A Fundação Getulio Vargas (FGV) será a banca responsável pelo novo concurso temporário do Instituto Brasileiro de Geografia e Estatística (IBGE). A instituição teve sua proposta aceita e foi oficialmente habilitada para organizar os dois editais que, juntos, vão oferecer 9.580 vagas de nível médio.
A definição da banca representa um passo importante no cronograma do processo seletivo. Com a FGV habilitada, outras instituições que aguardavam análise, como o Instituto AOCP e o IBFC, não terão mais suas propostas avaliadas.
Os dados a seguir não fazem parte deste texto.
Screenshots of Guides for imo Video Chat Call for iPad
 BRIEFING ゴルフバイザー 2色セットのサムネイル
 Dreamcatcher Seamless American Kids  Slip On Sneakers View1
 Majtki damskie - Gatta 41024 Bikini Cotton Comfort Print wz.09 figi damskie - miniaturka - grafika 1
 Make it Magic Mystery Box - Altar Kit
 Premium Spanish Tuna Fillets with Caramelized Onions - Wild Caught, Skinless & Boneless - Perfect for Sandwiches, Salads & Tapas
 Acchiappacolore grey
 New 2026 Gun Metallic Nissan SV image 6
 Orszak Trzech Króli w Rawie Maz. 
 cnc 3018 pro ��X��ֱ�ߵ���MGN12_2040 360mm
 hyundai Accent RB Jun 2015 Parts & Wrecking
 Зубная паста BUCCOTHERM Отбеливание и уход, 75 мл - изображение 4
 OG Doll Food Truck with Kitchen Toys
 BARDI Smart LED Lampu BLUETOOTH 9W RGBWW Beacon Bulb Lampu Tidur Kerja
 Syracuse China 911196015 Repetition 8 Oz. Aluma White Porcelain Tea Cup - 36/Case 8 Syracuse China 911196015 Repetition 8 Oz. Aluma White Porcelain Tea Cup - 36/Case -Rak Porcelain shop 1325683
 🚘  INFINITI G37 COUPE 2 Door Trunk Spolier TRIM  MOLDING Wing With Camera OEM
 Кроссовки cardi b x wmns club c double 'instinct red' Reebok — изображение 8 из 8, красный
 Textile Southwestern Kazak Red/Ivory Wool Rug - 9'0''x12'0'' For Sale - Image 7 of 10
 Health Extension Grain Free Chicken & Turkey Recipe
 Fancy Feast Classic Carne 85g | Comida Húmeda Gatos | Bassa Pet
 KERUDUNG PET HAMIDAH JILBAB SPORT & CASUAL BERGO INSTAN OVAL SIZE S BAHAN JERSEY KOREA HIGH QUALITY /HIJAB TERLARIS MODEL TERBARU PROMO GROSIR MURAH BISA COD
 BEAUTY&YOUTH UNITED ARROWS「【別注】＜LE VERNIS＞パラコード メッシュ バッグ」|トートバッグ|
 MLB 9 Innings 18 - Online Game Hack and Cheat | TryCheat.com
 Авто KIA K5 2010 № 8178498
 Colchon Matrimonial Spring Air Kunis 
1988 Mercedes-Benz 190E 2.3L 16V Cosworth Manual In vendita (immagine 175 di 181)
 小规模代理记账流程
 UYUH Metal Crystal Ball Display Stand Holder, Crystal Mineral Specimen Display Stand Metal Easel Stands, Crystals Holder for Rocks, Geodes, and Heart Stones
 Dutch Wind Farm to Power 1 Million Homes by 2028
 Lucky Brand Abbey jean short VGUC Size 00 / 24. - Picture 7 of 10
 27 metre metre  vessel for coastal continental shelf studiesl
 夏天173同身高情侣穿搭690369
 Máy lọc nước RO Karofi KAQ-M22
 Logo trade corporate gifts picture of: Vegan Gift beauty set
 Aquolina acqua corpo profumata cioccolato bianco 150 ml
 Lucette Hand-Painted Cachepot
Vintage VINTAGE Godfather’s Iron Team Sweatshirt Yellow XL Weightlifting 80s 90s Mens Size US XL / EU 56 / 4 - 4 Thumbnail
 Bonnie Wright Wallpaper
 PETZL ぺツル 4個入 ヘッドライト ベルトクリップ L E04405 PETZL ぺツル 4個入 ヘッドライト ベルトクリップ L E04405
As empresas Evolução Consultoria LTDA e J Brasil Soluções e Ensino LTDA chegaram a ser analisadas, mas foram desclassificadas anteriormente.
Agora, o IBGE aguarda a homologação da licitação e a assinatura do contrato com a FGV para, enfim, publicar os editais. A expectativa é de que isso ocorra nas próximas semanas.
O que já se sabe sobre o concurso
Até agora, o que se sabe sobre o concurso do IBGE é o seguinte:
- Vagas: 9.580 no total
- Agente de pesquisas e mapeamento: 8.480
- Supervisor de coleta e qualidade: 1.100
- Nível de escolaridade: Médio
- Distribuição: Em 530 municípios (lista ainda não divulgada)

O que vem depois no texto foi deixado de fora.